Task objective -> Beginning with the line that includes "this 640×480 image.", return every remaining line of the material exactly as it reads, but not the pictures.

Provided information ->
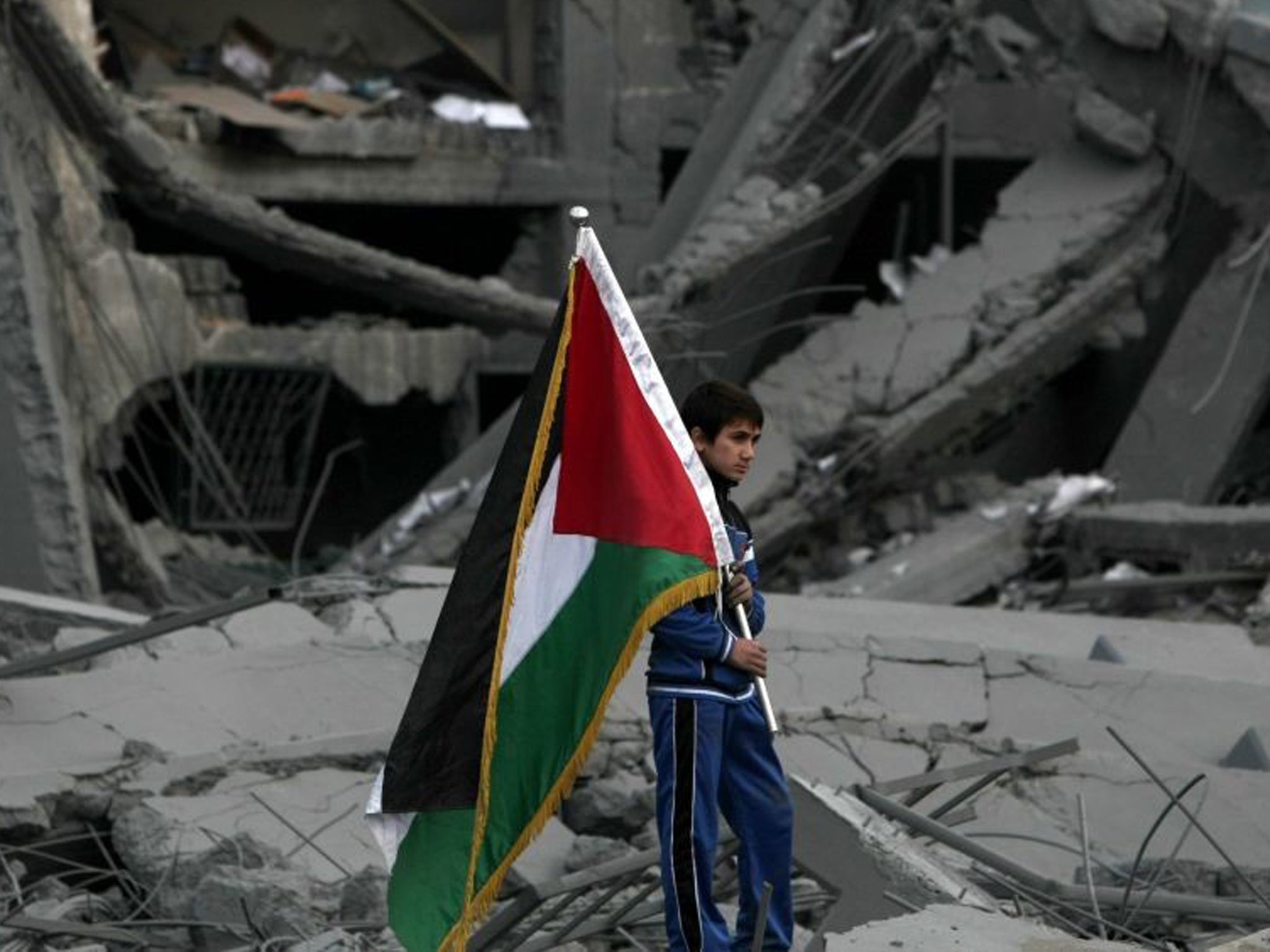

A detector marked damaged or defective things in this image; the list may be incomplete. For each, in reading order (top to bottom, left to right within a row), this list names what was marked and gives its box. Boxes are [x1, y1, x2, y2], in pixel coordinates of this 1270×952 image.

broken concrete slab [1067, 501, 1270, 570]
broken concrete slab [824, 902, 1141, 947]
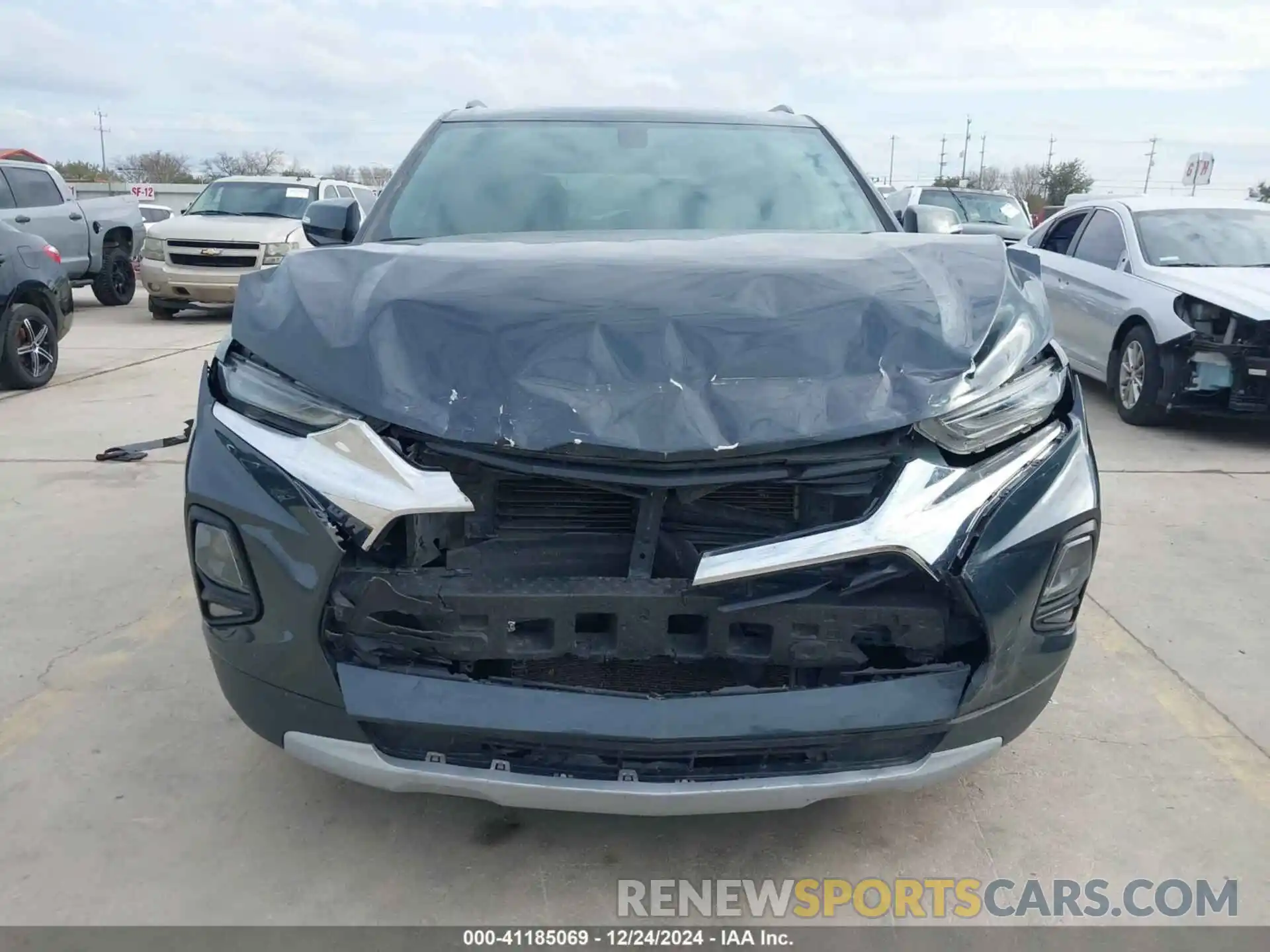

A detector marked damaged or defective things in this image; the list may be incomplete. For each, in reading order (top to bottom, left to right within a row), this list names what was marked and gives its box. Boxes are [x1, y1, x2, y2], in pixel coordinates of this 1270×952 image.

crumpled hood [148, 216, 302, 246]
broken headlight [217, 350, 358, 436]
crumpled hood [231, 229, 1051, 454]
broken headlight [919, 352, 1066, 457]
crumpled hood [1143, 265, 1270, 321]
damaged chevrolet blazer [181, 106, 1102, 822]
cracked pavement [0, 293, 1265, 924]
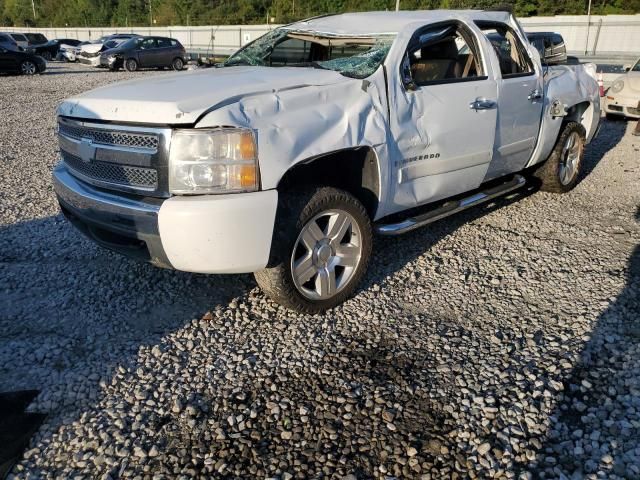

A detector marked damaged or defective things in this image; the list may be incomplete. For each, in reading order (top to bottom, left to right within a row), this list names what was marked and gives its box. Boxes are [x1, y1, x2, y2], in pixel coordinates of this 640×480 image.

shattered windshield [224, 28, 396, 79]
dented hood [58, 66, 352, 124]
damaged pickup truck [53, 11, 600, 314]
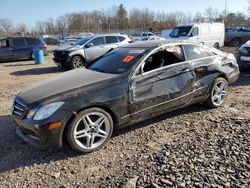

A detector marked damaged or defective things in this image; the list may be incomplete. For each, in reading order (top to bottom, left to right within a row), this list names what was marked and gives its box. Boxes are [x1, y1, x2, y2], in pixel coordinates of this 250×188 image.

damaged car door [129, 44, 195, 119]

Answer section ->
A detector marked damaged or defective things in this image; the list may be incomplete. For each, in reading order (top to bottom, left to right within a row), this list names what was marked and gives its box. Boxes are [x1, y1, x2, y2], in pixel coordinates of this 640×480 image.

shattered windshield [224, 28, 396, 79]
dented hood [58, 66, 352, 124]
damaged pickup truck [53, 11, 600, 314]

A detector marked damaged or defective things in this image; the list may be incomplete. For each, in reading order (top to bottom, left to right within a row), this list names what was marked and gives its box. Boxes are [x1, y1, x2, y2], in pixel coordinates of this 250×188 image.

damaged car door [129, 44, 195, 119]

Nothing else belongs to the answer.